Mi sembra evidente che la richiesta energetica, dovuta al progredire della nostra società, si stia facendo sempre più intensa e che, d’altra parte, le attuali risorse non consentano in maniera tanto adeguata di rispondere a questa necessità, vuoi per l’esauribilità delle fonti preferenziali (gli idrocarburi) vuoi per il loro prezzo. Forse non sarà un problema d’oggi, se vogliamo sostenere che il prezzo in Italia sia ancora sopportabile, tuttavia non possiamo non considerare che già attualmente parte del nostro approvvigionamento proviene da paesi che utilizzano fonti energetiche per noi non convenzionali. In particolare mi riferisco all’acquisto di energia elettrica dalla Francia, derivante principalmente da centrali termonucleari.

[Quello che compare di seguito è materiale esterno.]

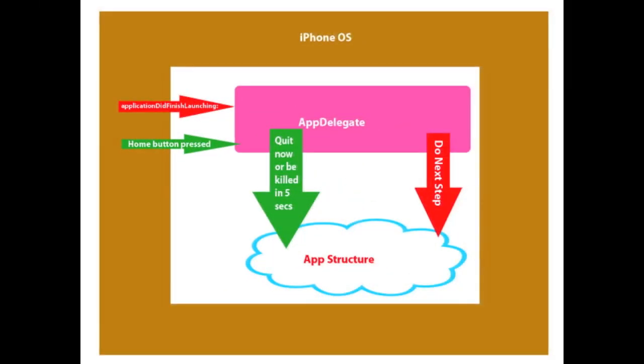Next is the app delegate and its role. So you can see here the app delegate. Let's give a scenario for an app delegate and how it works. First, the user would tap on the apps icon. Then the iPhone OS loads your app into memory and whatever else it needs to run your app. At this point, the OS has control. The iPhone OS finishes and it launches a procedure with your app and is ready to hand over control to it. The OS calls your app delegate's application-did-finish-launching method.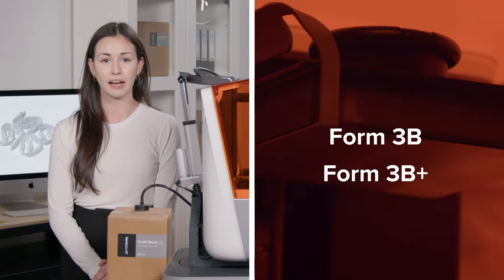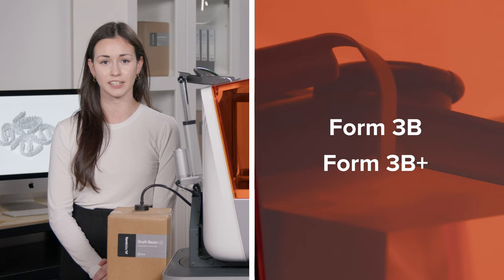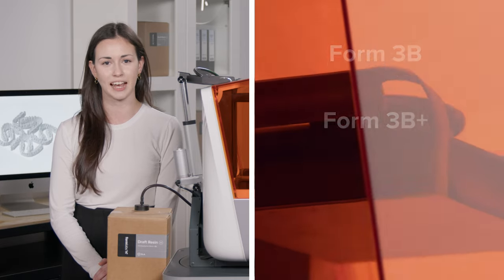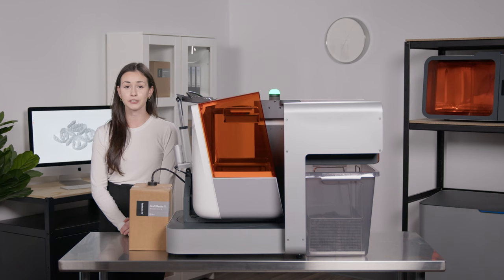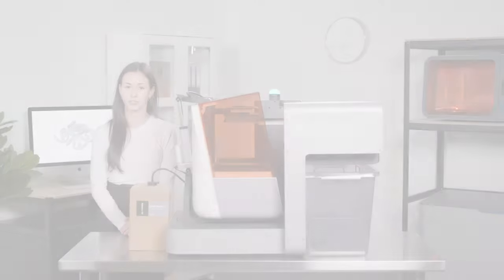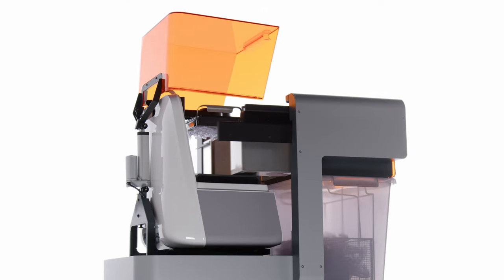Plus, each tool is compatible with any Form3b series printer out in the field or purchased today. So good news for existing Form3b and Form3b Plus users. You can automate your printers right now.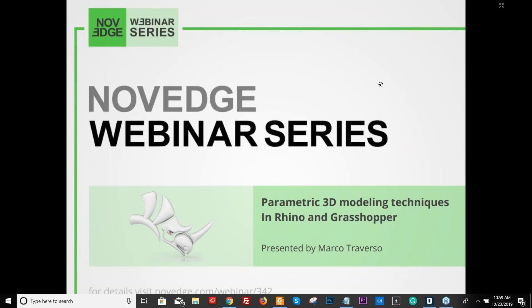Hello everyone, welcome to today's Novedge webinar: Parametric 3D Modeling Techniques in Rhino and Grasshopper. Today you will learn about the 3D capabilities of Grasshopper, the differences between NURBS and meshes, and when to choose one approach over the other. The webinar will also show how to combine the best of both worlds with a hybrid modeling technique using the new sub-D geometry featured in Rhino 6 and 7.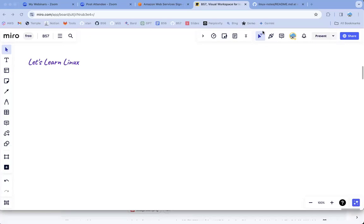When you cancel the spot request, you have two options: cancel the request and keep the server, or cancel the request and also terminate the associated instances. There's a checkbox you need to mark if you want to terminate the instances. We'll see that again in practice.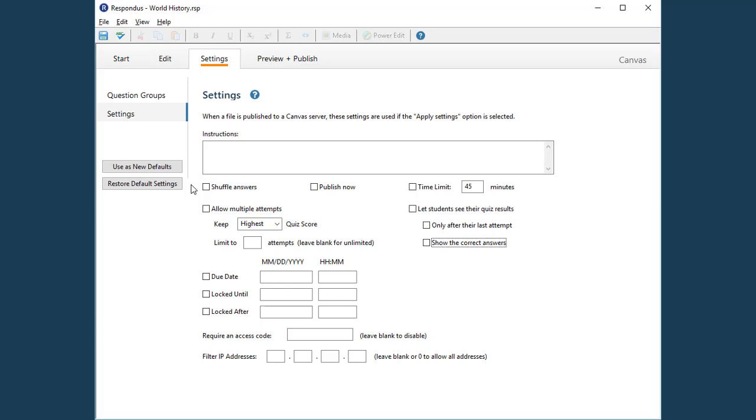For this example, let's require a time limit of 45 minutes for taking the quiz. Allow students to take the quiz twice and keep the highest score.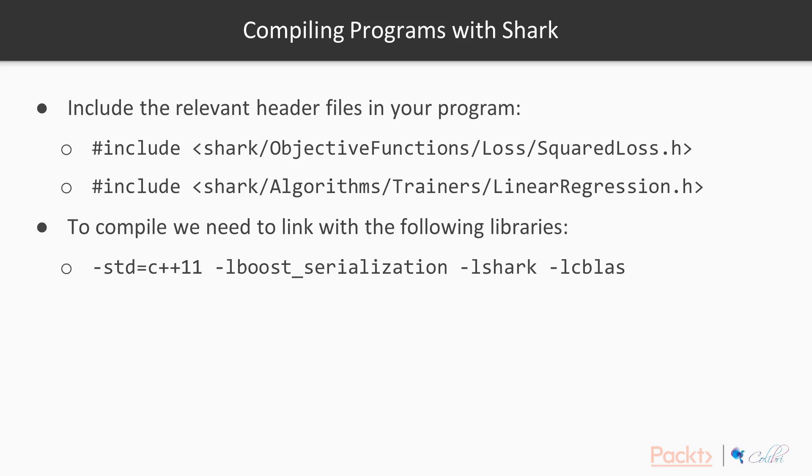If you're using CMake you can just include directories and then target link libraries and there's plenty of information about that online.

Indipendentemente, quindi, dalle scelte di produzione di energia elettrica sul nostro territorio, utilizziamo, e quindi di fatto legittimiamo, anche tecnologie di tipo nucleare.
Tali tecnologie sono attualmente diffuse nella maggior parte degli stati europei, anche con episodi di funzionamento di impianti non propriamente recenti o all’avanguardia in termini di sicurezza. Considerando che la costruzione di nuovi impianti sarebbe soggetta a rigidi vincoli in termini di sicurezza, come prescritto dalle direttive europee, e che la tecnica del settore ha compiuto notevoli passi in avanti, resta da domandarsi se avrebbe senso, oggi, riprendere nel nostro paese un cammino interrotto circa venti anni fa.

La situazione italiana attuale non è strettamente connessa alle vicende referendarie e politiche del 1987 che avevano avuto lo scopo di mettere un freno a scelte che si stavano compiendo al di fuori della portata dell’opinione pubblica, senza chiare garanzie circa le conseguenze a cui poi gli stessi cittadini, esclusi da qualsiasi tipo di scelta, avrebbero potuto dover sopportare. L’elaborazione del piano energetico successivo al referendum, infatti, prevedeva una moratoria all’utilizzo delle centrali nucleari limitata a soli cinque anni e lo stesso Marco Pannella (promotore del referendum), nel 1989, non auspicava la dismissione di tutti gli impianti nazionali.

Uno stato di fatto che oggi appare immodificabile è dovuto ad un piano energetico vecchio (l’ultimo Piano Energetico Nazionale risale al 1988) che sembra non sia stato alimentato, negli anni successivi, da un chiaro dibattito innanzitutto politico. La questione energetica riemerge, infatti, soltanto quando si vogliono promuovere tecnologie “alternative,” troppo spesso sostenute più da una forza di propaganda ecologista che da un chiaro piano di sviluppo veramente alternativo o complementare al regime attuale. A fronte di una diffusa critica nei confronti dell’utilizzo massiccio di fonti fossili, si passa troppo facilmente dal rifiuto a priori di qualsiasi ipotesi nucleare (a favore di discutibili progetti di sfruttamento dell’energia eolica o solare) così come, sull’altro fronte, si prende spunto da qualche episodio di crisi energetica acuta ma puntuale (vedi il black-out di qualche tempo fa), per rilanciare l’energia atomica senza il supporto di una approfondita valutazione, innanzitutto economica, dell’evoluzione del consumo e dell’approvvigionamento energetico futuri.